Он замолчал на минуту, а потом спросил:

— А тебя как зовут?

— Не твое собачье дело, — вежливо ответила я.

— Вот и познакомились, — сказал Ибрагим, — я — Ибрагим, а ты — Нетвоесобачьедело.

Я не выдержала и засмеялась.

— Ну, так-то лучше, — заулыбался Ибрагим и, почесав в затылке, добавил: — Принесла бы, что ли, водички. Пить очень хочется.

— Еще чего не хватало. Да у меня и дома никого нет, — соврала я. Мама была дома и шила для заказчицы очередное платье.

— А ключ от дома у тебя есть?

— И ключа нет.

— Это плохо, — вздохнул Ибрагим, вынимая из кармана папиросы.

Он глубоко затянулся и замолчал.

— Давай, что ли, поиграем во что-нибудь? — неожиданно предложил он.

— Во что это мы с тобой можем поиграть? — воскликнула я.

— В прятки, например.

— С ума, что ли, сошел? Где тут прятаться-то?

— А мы с тобой не в простые прятки будем играть, а в солдатские.

— Это еще как? — Я отложила свое плетение и впервые за все время нашей беседы посмотрела на него с интересом.

На меня глядели черные тревожные глаза, и, как только я почувствовала легкий холод за спиной, Ибрагим тут же засмеялся, сверкнув крепкими белыми зубами:

— У, хитрая какая. Пойдем лучше в подъезд, там все и расскажу. А то что-то я замерз совсем.

На мне было надето голубое драповое пальто и красный берет с помпоном. На Ибрагиме — теплый солдатский бушлат и шапка-ушанка.

Мне не холодно, а он замерз, подумала я. Но любопытство было сильнее скрытой где-то внутри тревоги, и я поднялась с лавочки и пошла по направлению к подъезду.

Мы поднялись на второй этаж и остановились у батареи. Ибрагим положил на нее ладони и застыл, как будто в нерешительности.

— Ну? — коротко спросила я.

— Что «ну»?

— Рассказывай.

— Про что рассказывать?

— Ну, ты воще! Про солдатские прятки, конечно!

— Подожди, надо подготовиться, — тянул время Ибрагим, — видишь, руки грею.

— А руки здесь причем? — не поняла я.

— Так я же руками прятать буду.

— Что прятать?

— А все равно что, вот, например, денежку.

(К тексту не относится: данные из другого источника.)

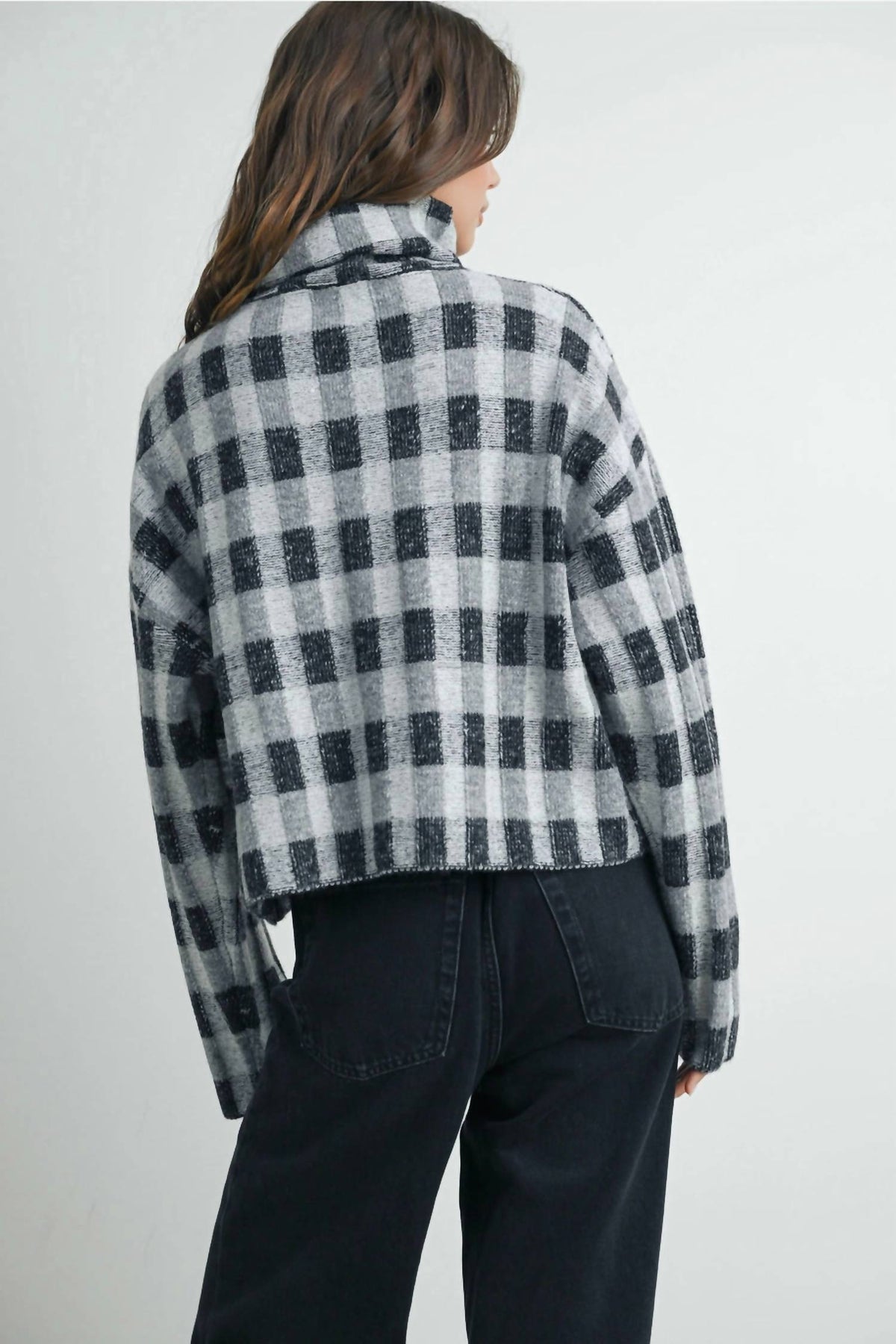 Buttermelon - Sanders Check Turtleneck Sweater Top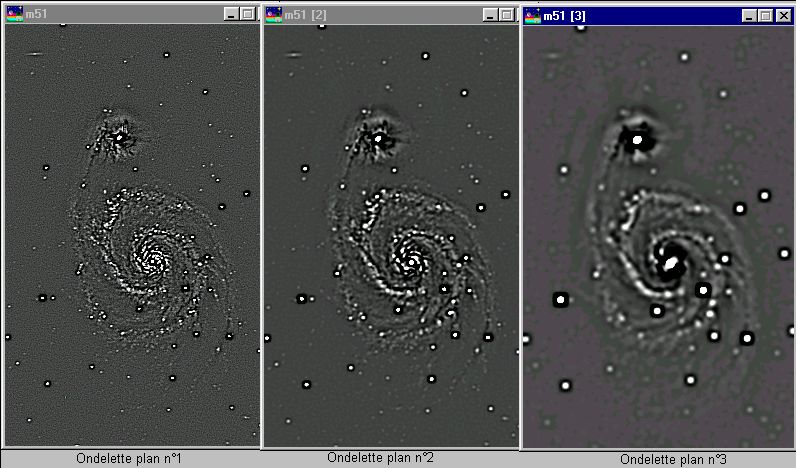 Les 3 premiers plans d'ondelettes sur M51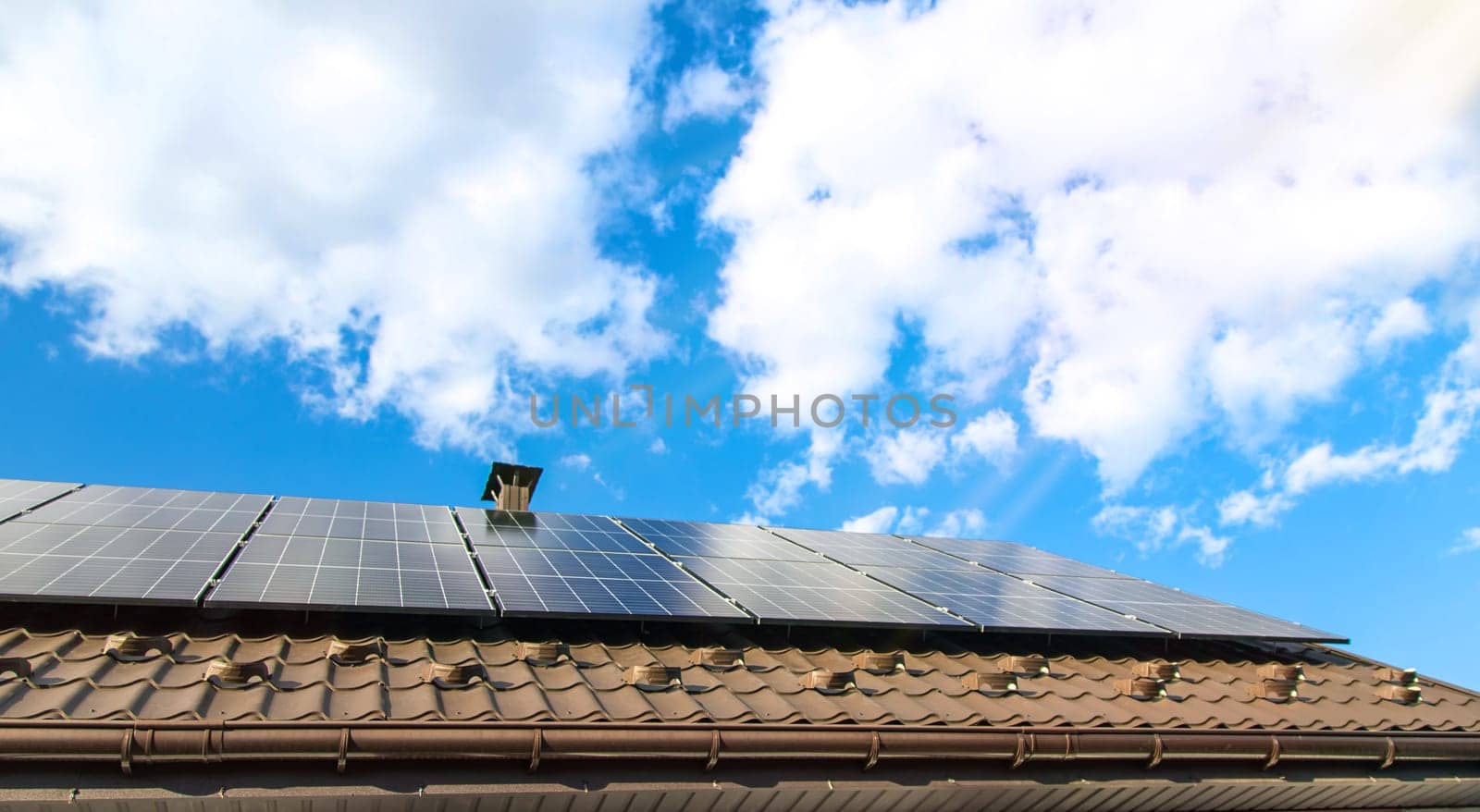 Solar panels on the roof of the house. Selective focus. nature.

У тебя есть денежка?

— Ну, есть пятнадцать копеек, мама на пирожок дала.

— Вот и хорошо, давай ее сюда.

— Ишь какой хитренький, фигушки тебе.

— Да я отдам, дурочка, — засмеялся Ибрагим, — поиграем и отдам. Надо же нам что-то прятать.

— И где мы ее прятать будем?

Ибрагим помолчал задумчиво и ответил:

— Сначала я буду прятать ее у себя, а ты будешь искать, а потом ты будешь прятать ее у себя, а искать буду я.